YOUR INSTRUCTIONS
Below are the records; print exactly the lines from the one with "2 Stück Taschenaschenbecher" through the last, both included, and leave the pictures out.

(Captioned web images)
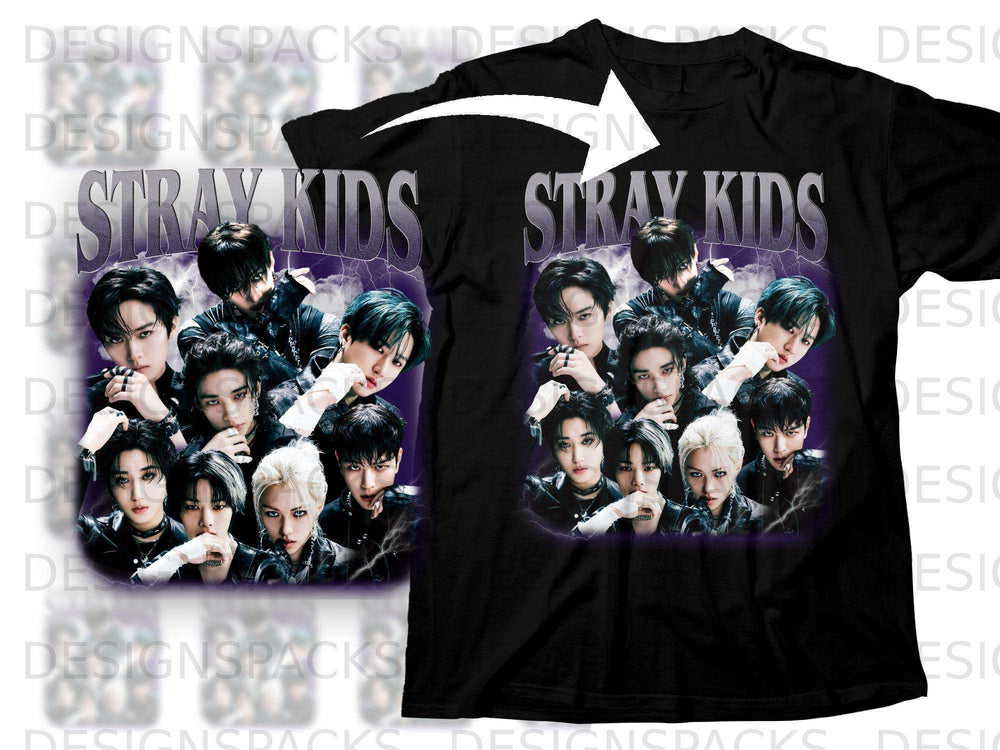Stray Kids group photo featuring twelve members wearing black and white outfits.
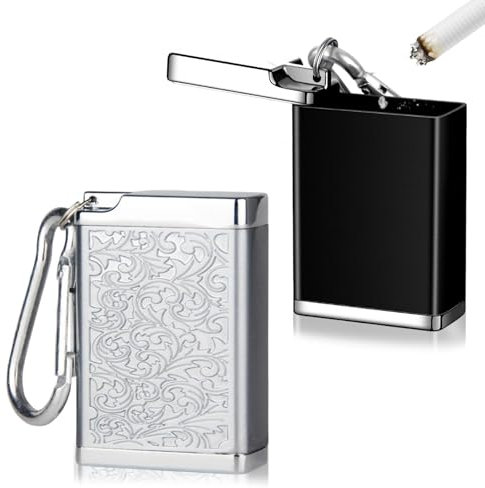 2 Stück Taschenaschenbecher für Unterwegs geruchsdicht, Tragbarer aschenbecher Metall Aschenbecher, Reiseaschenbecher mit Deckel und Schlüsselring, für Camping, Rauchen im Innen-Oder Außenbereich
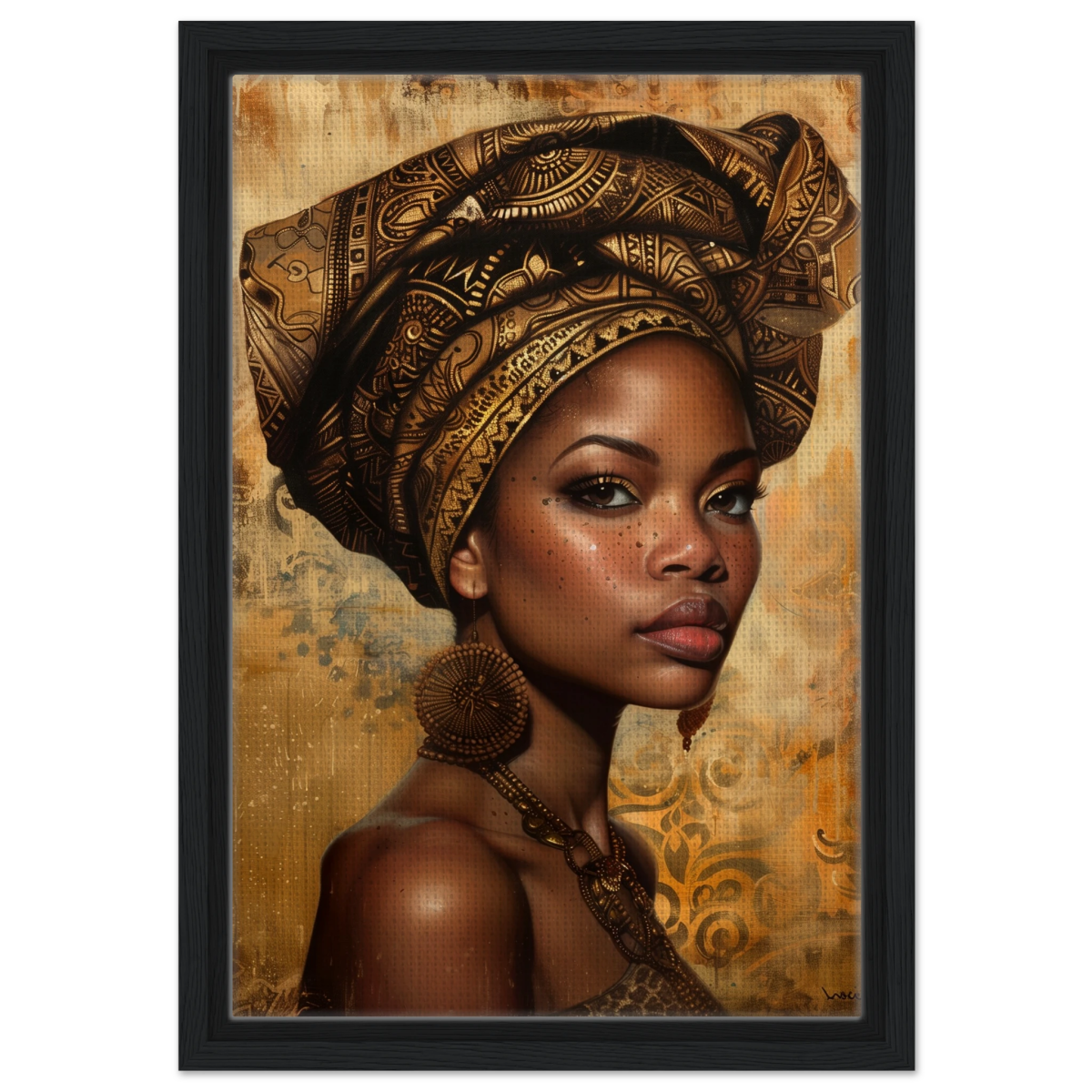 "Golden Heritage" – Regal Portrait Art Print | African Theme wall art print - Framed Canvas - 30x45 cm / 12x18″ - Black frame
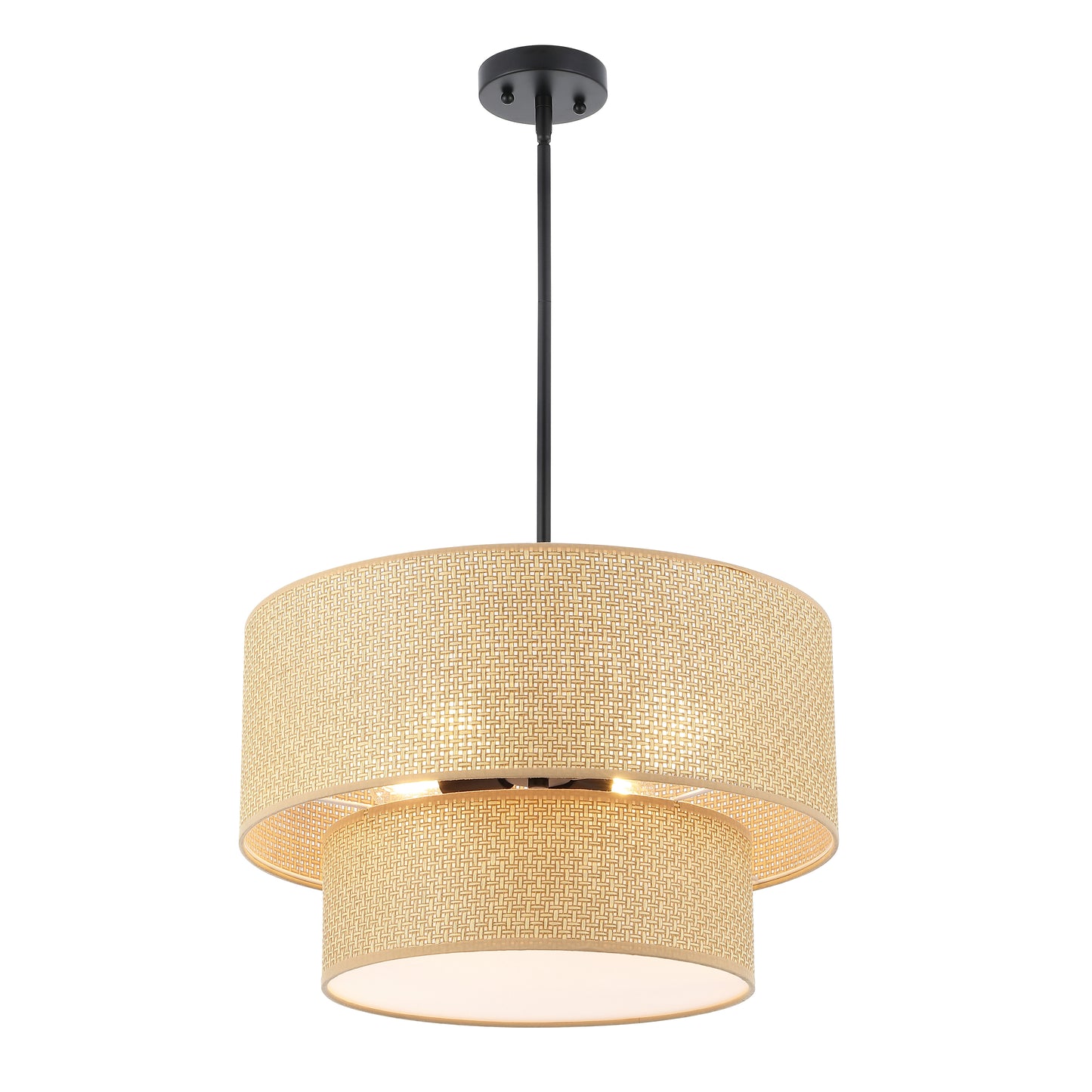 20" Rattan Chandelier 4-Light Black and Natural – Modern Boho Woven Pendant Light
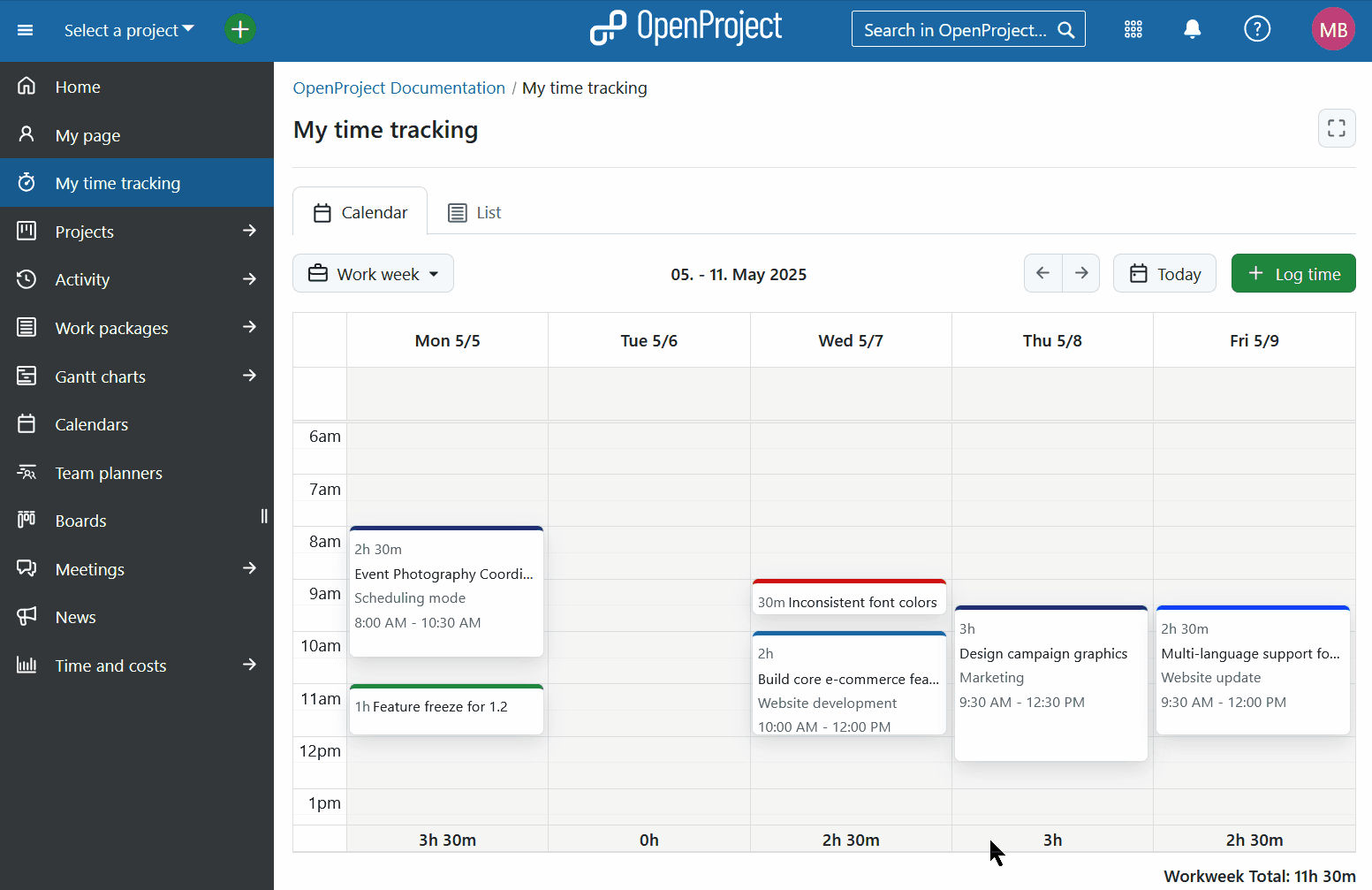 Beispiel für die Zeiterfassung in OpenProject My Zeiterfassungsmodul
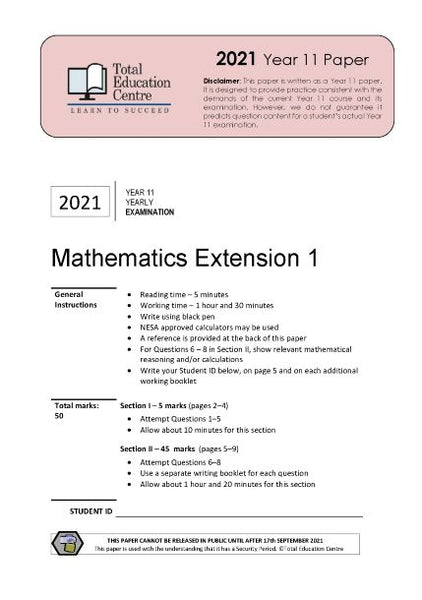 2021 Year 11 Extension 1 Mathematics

TASK SOLUTION
 2 Stück Taschenaschenbecher für Unterwegs geruchsdicht, Tragbarer aschenbecher Metall Aschenbecher, Reiseaschenbecher mit Deckel und Schlüsselring, für Camping, Rauchen im Innen-Oder Außenbereich
 "Golden Heritage" – Regal Portrait Art Print | African Theme wall art print - Framed Canvas - 30x45 cm / 12x18″ - Black frame
 20" Rattan Chandelier 4-Light Black and Natural – Modern Boho Woven Pendant Light
 Beispiel für die Zeiterfassung in OpenProject My Zeiterfassungsmodul
 2021 Year 11 Extension 1 Mathematics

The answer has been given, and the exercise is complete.